Mais dans la cacophonie ambiante (pourtant si contrôlée, si minutieusement analysée), la sage voix du compositeur américain Charles Yves, contemporain de Bartók, prend tout son sens : « La beauté musicale est trop souvent confondue avec une harmonie qui invite l’oreille à se prélasser. » La musique de Bartók, au contraire, est puissante ; dans le désordre, l’ordre est établi. Il fallait une parfaite atonalité pour comprendre l’unité de l’orchestre. Dumay, Nagano et l’OSM rendent à la partition sa vitalité escomptée : l’oreille est toujours en éveil, un chef‑d’œuvre est ici signé.
Bartók reviendra plus tard dans la soirée, lors de son Concerto pour orchestre en cinq mouvements. Au rythme de la mélodie est racontée l’histoire d’un couple qui se rencontre et qui s’aime. Mais l’amour a ses obstacles, ses triples croches et ses assonances, ses tonitruances et ses contretemps. L’orchestre, ce jeudi 15, est un couple ; le concerto, une vie.

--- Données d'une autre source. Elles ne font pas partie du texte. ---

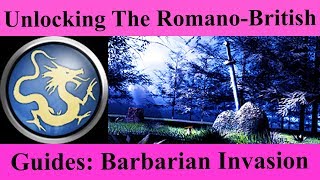 The RomanoBritish as a playable faction  Barbarian Invasion Game Guides [upl. by Aissatsana]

Barber ne conclut pas le spectacle – il est joué après l’entracte. Il n’est pas le socle de la soirée, mais lui non plus n’est pas là par hasard. Barber, par son orchestre à cordes, appelle à la réflexion. Ses violons, ensemble, maintiennent la même harmonie, lente et langoureuse. Les altos, violoncelles et contrebasses font de même : entre deux longs silences, c’est le chant de l’union qui transperce l’auditorium. Ce Concerto pour cordes n’a ni la vivacité ni la férocité que Bartók a le don de mettre en musique. Il serait sot, néanmoins, de ne pas lire dans les si nombreux silences de Barber la force du souvenir et une déferlante d’optimisme. L’hommage a été rendu.